Entre os muitos objetos curiosos que existem na Farmácia
Carapeta & Irmão, destaca-se uma máscara funerária de Camilo Castelo
Branco, usada em tempos como cofre. «Na altura não havia cofres e havia pouco
dinheiro», conta Maria Leopoldina. «Ao fim do dia levantávamos a máscara e
guardávamos lá dentro o que tínhamos». A ligação com o famoso escritor lisboeta
remonta ao fundador, João Silveira Carapeta, que trocava correspondência com
Camilo. «Temos todas as obras dele e encontrámos uma folha dentro de um livro
que pensamos ser um conto manuscrito pelo próprio Camilo Castelo Branco»,
revela.
Das suas cinco décadas de atividade na farmácia, só recorda
uma fase mais conturbada: «Tivemos alguns dissabores depois do 25 de Abril.

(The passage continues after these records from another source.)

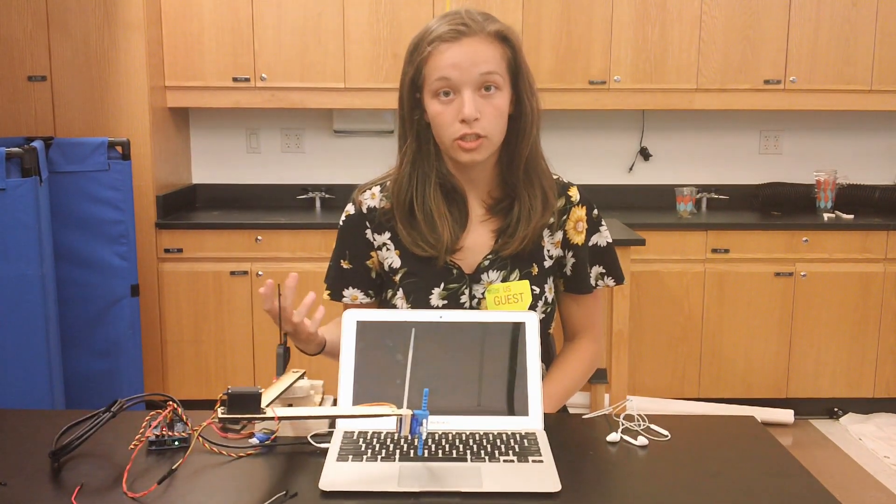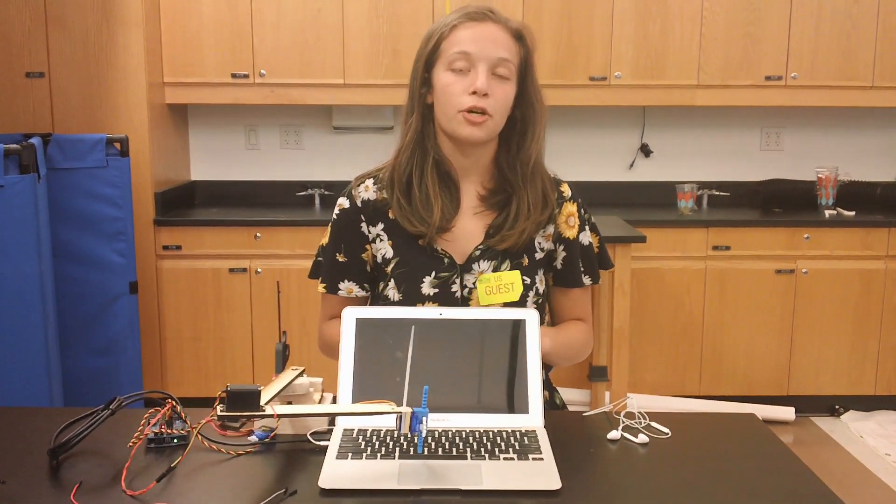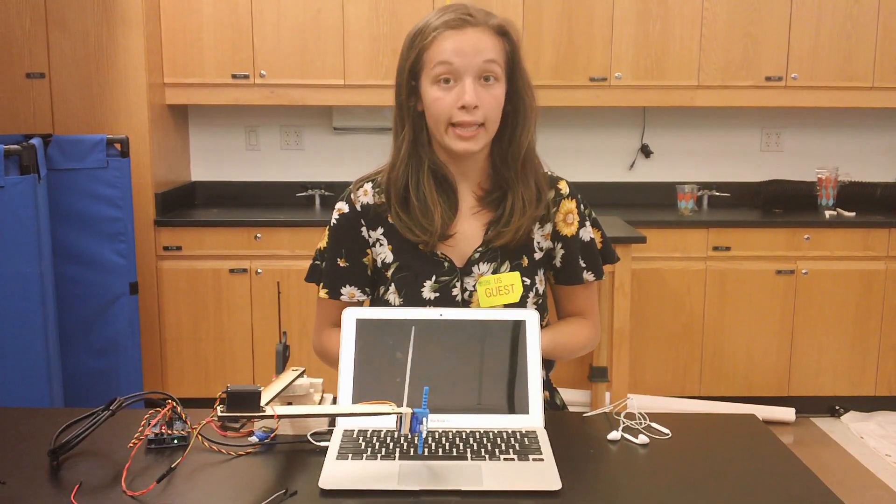I tried a couple different voice recognition options before settling on this Apple Speech one. First, I decided to use an EasyVR shield, which is a shield that you put on top of your Arduino, and then it can respond to some pre-recorded commands. However, when I got the shield, it didn't work, so I decided to go for something a bit more high-level.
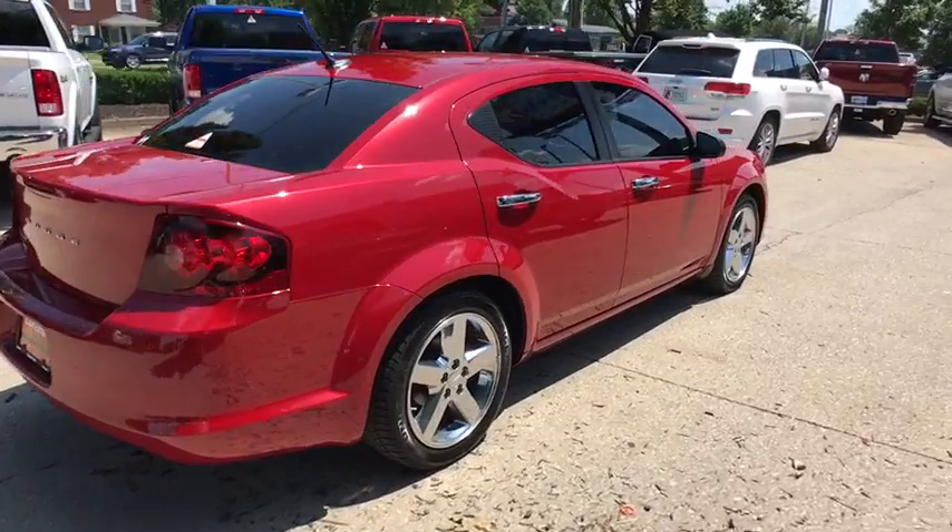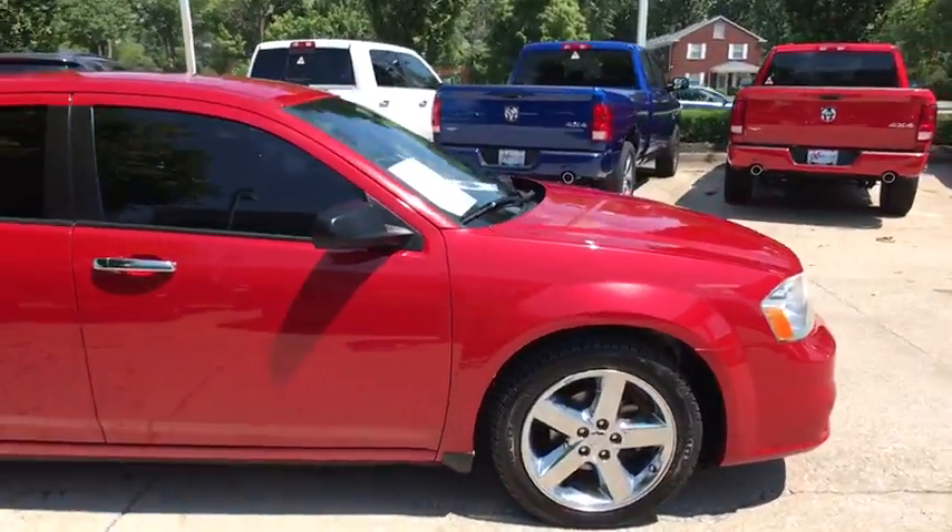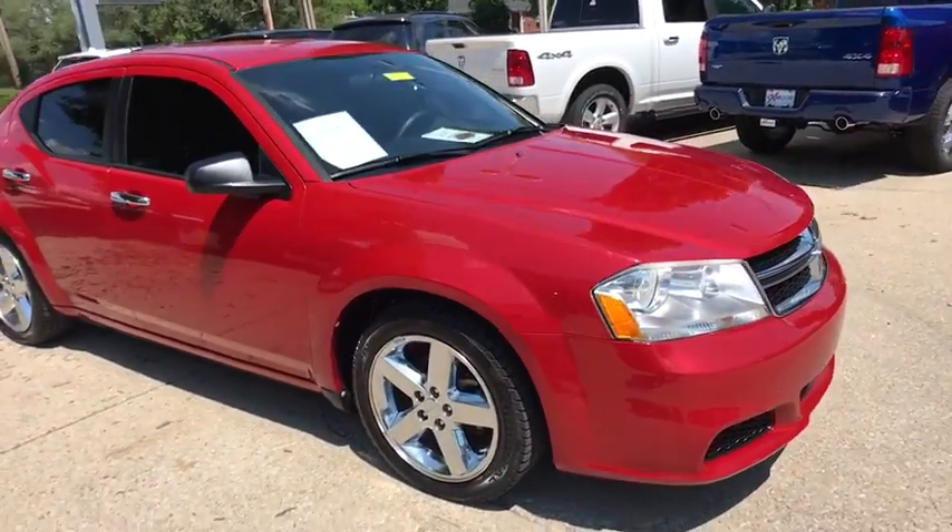The 2013 Dodge Avenger. The Avenger combines strength with fuel efficiency to ensure that its sporty looks do not deceive.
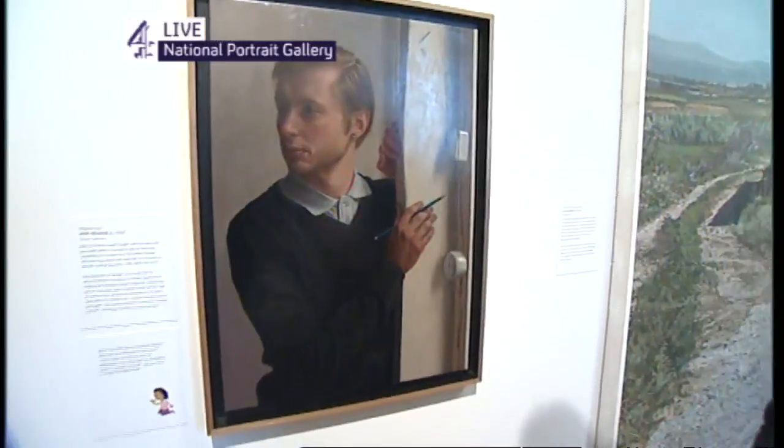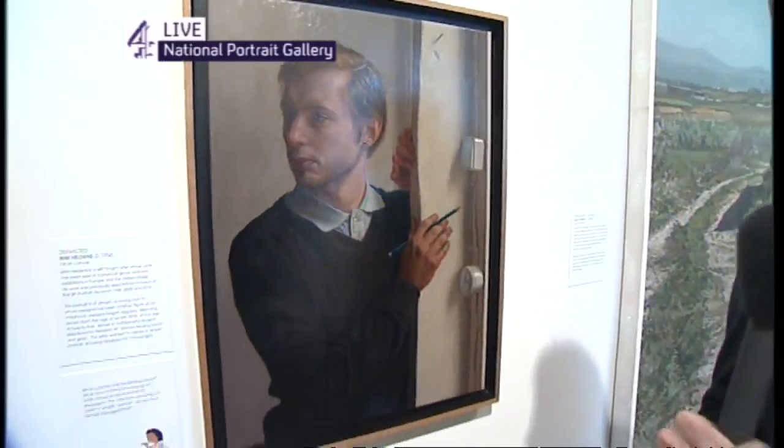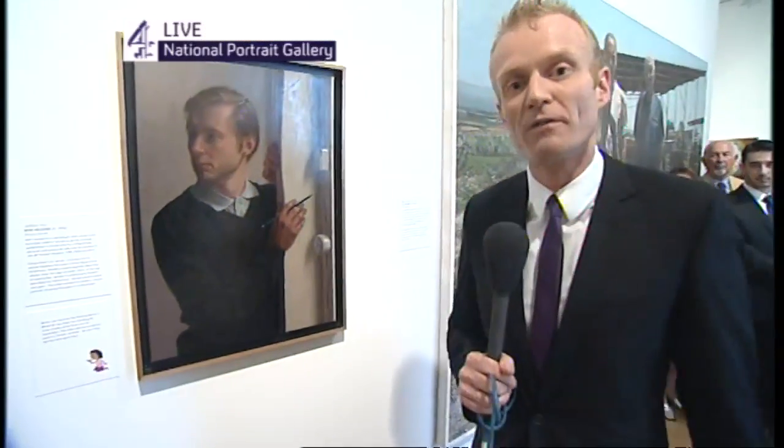It's called Distracted, and it's by the Dutch artist Wim Heldens. The sitter is a 25-year-old student who the artist has known for decades, and who's sat for him several times. Here's the artist, Wim Heldens.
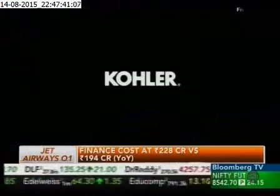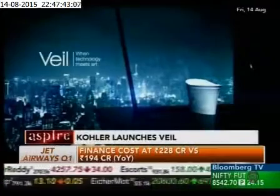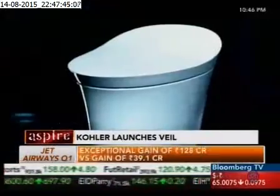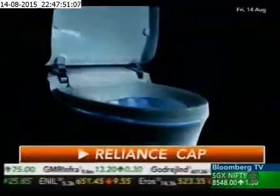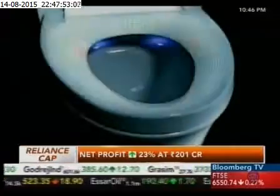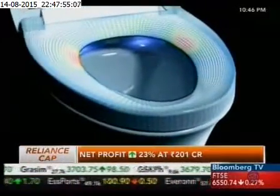The kitchen and bathroom brand Kohler has launched a new product line called Veil. It has some intelligent toilet designs with preset cleansing modes, a seat cover that opens and shuts automatically with adjustable sensing features, and the French curved seat.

Davam pontapés nas portas, ameaçavam-nos porque estavam convencidos de que… não
era que fossemos ricos, pensavam era que não fossemos democratas». Recorda que
havia «uns que julgavam que éramos daquilo que eles eram, e outros que achavam
o contrário», mas nada que tivesse impedido a família Carapeta de continuar a
prestar o seu serviço à comunidade.


A farmácia está na mesma família há quatro gerações, sendo um pilar no apoio à população
«Fizemos sempre a nossa vida com democracia». E sempre
ajudaram quem mais precisava, pois «havia gente muito pobre naquela altura,
muito pobre». Arcos, uma aldeia a seis quilómetros de Estremoz, onde continua a
ir um funcionário três vezes por semana. «Lá nos Arcos havia famílias com
imensas dificuldades, que eu muitas vezes auxiliava pessoalmente, deixando-as
dar o que pudessem. E quando às vezes via mesmo que elas não podiam pagar, eu
contribuía». Quando essas pessoas iam ao posto e perguntavam: «"Mas quanto
devo?" eu respondia que já não deviam nada».
Em bem mais de um século de existência, a Farmácia Carapeta
& Irmão jamais deixou de resistir, mesmo em tempos mais tensos.
«Continuámos sempre, nunca houve problemas», remata Maria Leopoldina.